# Description of the task
Restate word for word the span of lines that opens with the line containing "Beautiful Back Compression" and closes with the last line of the material. Include both ends and nothing more.

# Records

::::

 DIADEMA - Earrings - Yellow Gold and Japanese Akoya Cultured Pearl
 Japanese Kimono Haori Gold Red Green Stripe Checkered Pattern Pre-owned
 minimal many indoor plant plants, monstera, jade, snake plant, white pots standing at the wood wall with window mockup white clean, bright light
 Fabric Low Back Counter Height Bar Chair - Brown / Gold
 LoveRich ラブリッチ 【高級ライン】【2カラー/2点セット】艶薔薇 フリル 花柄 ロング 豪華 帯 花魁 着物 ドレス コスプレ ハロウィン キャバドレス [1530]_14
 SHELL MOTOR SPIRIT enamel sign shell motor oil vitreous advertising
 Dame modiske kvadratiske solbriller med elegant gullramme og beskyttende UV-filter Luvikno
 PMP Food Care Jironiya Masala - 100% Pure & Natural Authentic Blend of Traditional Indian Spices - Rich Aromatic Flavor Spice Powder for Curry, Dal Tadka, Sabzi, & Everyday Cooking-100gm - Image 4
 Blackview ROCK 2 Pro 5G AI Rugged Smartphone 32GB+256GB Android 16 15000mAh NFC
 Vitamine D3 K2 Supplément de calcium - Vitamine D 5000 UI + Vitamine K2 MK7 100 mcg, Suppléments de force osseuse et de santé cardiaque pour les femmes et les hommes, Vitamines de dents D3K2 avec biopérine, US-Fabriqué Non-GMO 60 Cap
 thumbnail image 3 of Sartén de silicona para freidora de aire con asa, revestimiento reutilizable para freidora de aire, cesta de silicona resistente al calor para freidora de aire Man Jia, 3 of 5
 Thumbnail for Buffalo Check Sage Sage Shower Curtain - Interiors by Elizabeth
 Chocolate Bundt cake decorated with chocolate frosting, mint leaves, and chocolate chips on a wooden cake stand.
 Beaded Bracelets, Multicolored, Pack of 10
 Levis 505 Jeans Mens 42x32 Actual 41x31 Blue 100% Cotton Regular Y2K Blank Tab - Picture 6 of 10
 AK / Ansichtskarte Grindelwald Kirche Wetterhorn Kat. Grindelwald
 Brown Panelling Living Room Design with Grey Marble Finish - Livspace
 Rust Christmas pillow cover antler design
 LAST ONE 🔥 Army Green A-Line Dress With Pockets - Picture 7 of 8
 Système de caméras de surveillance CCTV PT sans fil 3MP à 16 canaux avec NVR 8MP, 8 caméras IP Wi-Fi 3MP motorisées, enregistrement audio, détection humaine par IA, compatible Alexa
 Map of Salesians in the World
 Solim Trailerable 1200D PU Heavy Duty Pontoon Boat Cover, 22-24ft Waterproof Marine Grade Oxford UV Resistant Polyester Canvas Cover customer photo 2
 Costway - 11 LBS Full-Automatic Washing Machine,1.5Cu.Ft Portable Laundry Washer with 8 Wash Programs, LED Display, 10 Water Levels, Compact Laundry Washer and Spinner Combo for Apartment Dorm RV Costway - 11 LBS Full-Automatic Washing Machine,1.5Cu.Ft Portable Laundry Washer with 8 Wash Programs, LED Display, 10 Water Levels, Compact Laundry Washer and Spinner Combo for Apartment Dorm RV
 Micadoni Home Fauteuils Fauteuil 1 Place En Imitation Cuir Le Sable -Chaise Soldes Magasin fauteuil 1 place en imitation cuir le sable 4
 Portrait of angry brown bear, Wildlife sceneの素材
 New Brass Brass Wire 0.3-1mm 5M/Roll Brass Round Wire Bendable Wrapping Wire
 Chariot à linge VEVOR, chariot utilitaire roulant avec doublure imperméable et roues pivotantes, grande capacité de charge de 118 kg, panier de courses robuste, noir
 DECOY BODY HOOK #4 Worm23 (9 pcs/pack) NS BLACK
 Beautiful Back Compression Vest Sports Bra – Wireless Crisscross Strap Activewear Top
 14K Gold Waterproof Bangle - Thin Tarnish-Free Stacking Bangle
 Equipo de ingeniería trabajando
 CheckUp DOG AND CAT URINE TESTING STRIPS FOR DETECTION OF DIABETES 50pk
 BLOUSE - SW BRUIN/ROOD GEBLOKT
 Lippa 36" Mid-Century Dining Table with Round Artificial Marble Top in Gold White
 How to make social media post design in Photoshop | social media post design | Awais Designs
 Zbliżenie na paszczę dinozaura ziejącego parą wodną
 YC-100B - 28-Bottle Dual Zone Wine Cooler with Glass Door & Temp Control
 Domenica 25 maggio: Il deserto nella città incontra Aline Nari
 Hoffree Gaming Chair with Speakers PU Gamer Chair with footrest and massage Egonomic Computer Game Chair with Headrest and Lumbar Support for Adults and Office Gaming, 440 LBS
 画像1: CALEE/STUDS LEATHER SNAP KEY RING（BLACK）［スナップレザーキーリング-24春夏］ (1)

::::

# Exercise response
 Beautiful Back Compression Vest Sports Bra – Wireless Crisscross Strap Activewear Top
 14K Gold Waterproof Bangle - Thin Tarnish-Free Stacking Bangle
 Equipo de ingeniería trabajando
 CheckUp DOG AND CAT URINE TESTING STRIPS FOR DETECTION OF DIABETES 50pk
 BLOUSE - SW BRUIN/ROOD GEBLOKT
 Lippa 36" Mid-Century Dining Table with Round Artificial Marble Top in Gold White
 How to make social media post design in Photoshop | social media post design | Awais Designs
 Zbliżenie na paszczę dinozaura ziejącego parą wodną
 YC-100B - 28-Bottle Dual Zone Wine Cooler with Glass Door & Temp Control
 Domenica 25 maggio: Il deserto nella città incontra Aline Nari
 Hoffree Gaming Chair with Speakers PU Gamer Chair with footrest and massage Egonomic Computer Game Chair with Headrest and Lumbar Support for Adults and Office Gaming, 440 LBS
 画像1: CALEE/STUDS LEATHER SNAP KEY RING（BLACK）［スナップレザーキーリング-24春夏］ (1)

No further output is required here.